::: Given records :::
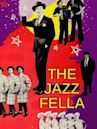 The Jazz Fella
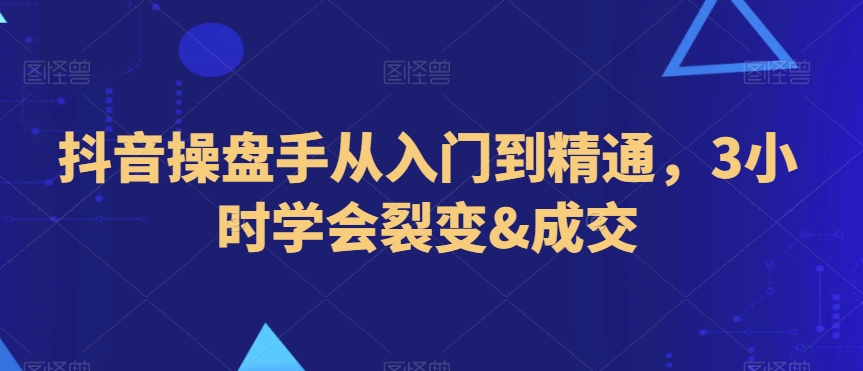 抖音操盘手从入门到精通,3小时学会裂变&成交插图 抖音操盘手从入门到精通,3小时学会裂变&成交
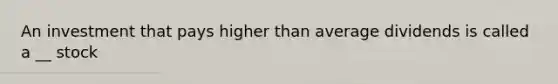 An investment that pays higher than average dividends is called a __ stock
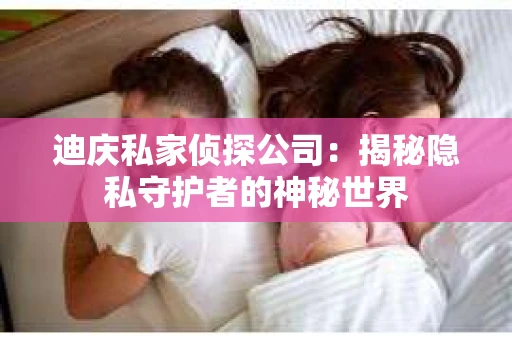 迪庆私家侦探公司：揭秘隐私守护者的神秘世界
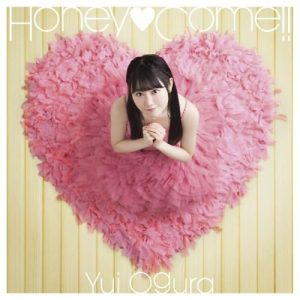 Yui Ogura – Honey♥Come!! [Single]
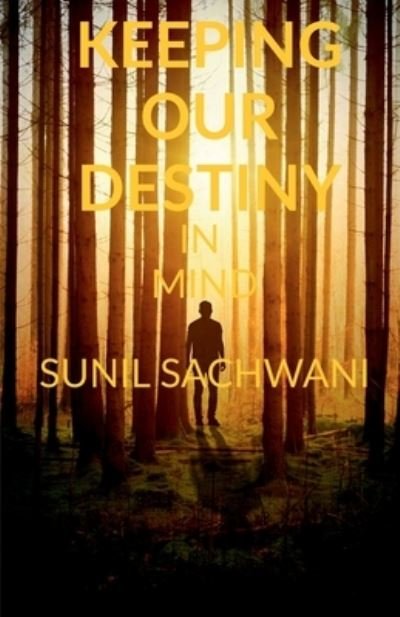 Cover for Sunil Sachwani · Keeping Our Destiny in Mind (Book) (2020)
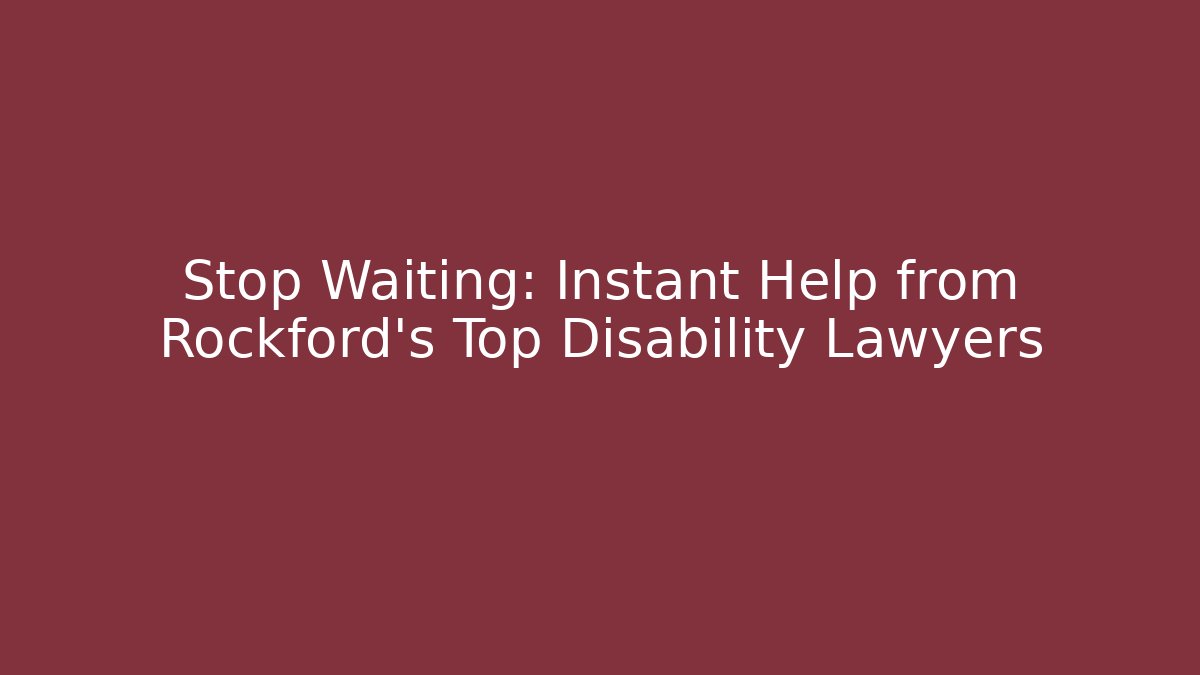 Stop Waiting: Instant Help from Rockford’s Top Disability Lawyers - V Auction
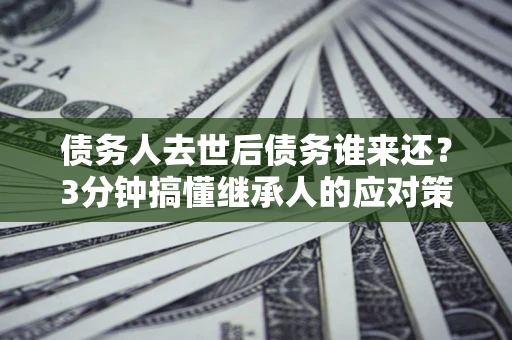 武汉债务人去世后债务谁来还？3分钟搞懂继承人的应对策略
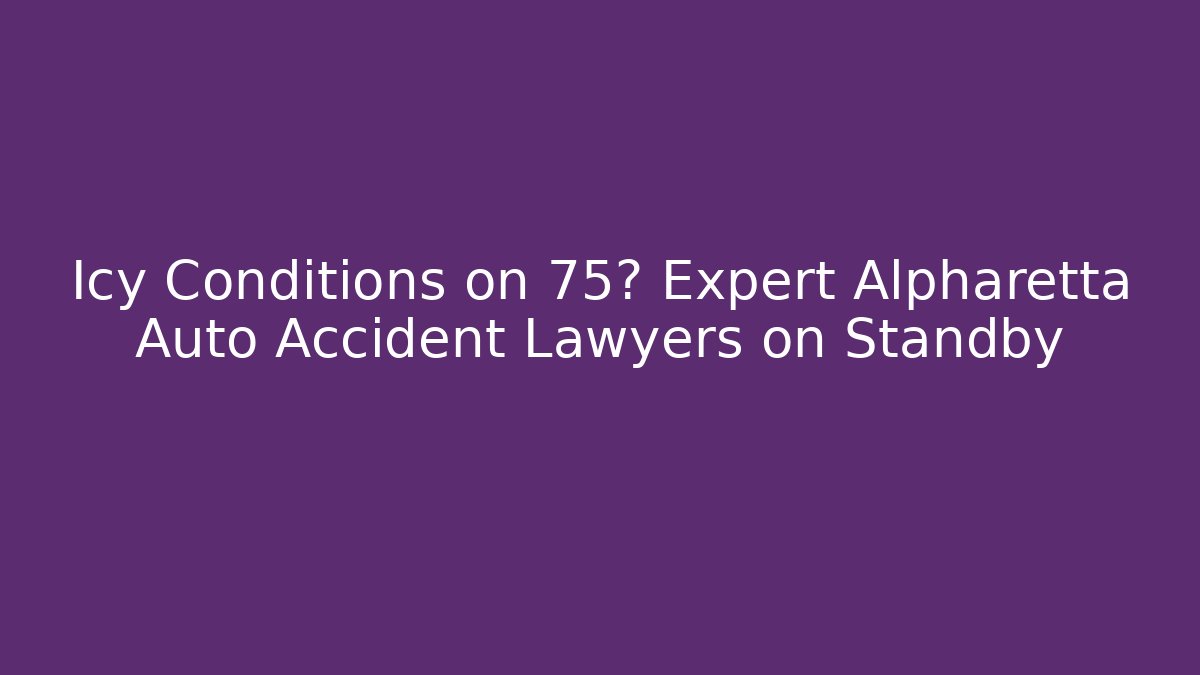 Icy Conditions on 75? Expert Alpharetta Auto Accident Lawyers on Standby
:::
Transcribe exactly the lines that run from the first line of the records above through the line with "Cover for Sunil", and include both of those lines; pictures stay out.

 The Jazz Fella
 抖音操盘手从入门到精通,3小时学会裂变&成交插图 抖音操盘手从入门到精通,3小时学会裂变&成交
 An investment that pays higher than average dividends is called a __ stock
 迪庆私家侦探公司：揭秘隐私守护者的神秘世界
 Yui Ogura – Honey♥Come!! [Single]
 Cover for Sunil Sachwani · Keeping Our Destiny in Mind (Book) (2020)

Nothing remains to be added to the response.